• What the exercise asks
What is the number of lines below that hold "shirt"? Answer with that number only.

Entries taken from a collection
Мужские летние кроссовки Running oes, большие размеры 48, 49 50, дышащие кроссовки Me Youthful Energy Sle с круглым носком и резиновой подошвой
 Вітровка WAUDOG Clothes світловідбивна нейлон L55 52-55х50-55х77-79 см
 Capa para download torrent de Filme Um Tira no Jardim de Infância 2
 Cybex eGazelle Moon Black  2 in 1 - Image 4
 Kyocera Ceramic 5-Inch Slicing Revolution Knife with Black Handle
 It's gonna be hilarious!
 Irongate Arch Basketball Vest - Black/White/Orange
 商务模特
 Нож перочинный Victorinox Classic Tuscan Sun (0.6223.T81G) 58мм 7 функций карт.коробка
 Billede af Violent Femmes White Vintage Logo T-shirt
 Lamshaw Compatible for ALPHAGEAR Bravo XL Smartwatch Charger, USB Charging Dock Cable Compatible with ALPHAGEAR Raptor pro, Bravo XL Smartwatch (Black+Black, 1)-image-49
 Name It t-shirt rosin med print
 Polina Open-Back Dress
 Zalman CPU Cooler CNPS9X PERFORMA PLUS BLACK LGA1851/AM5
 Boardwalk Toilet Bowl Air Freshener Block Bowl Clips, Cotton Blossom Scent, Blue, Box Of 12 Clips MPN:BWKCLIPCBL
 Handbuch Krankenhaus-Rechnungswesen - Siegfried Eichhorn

• Task answer
2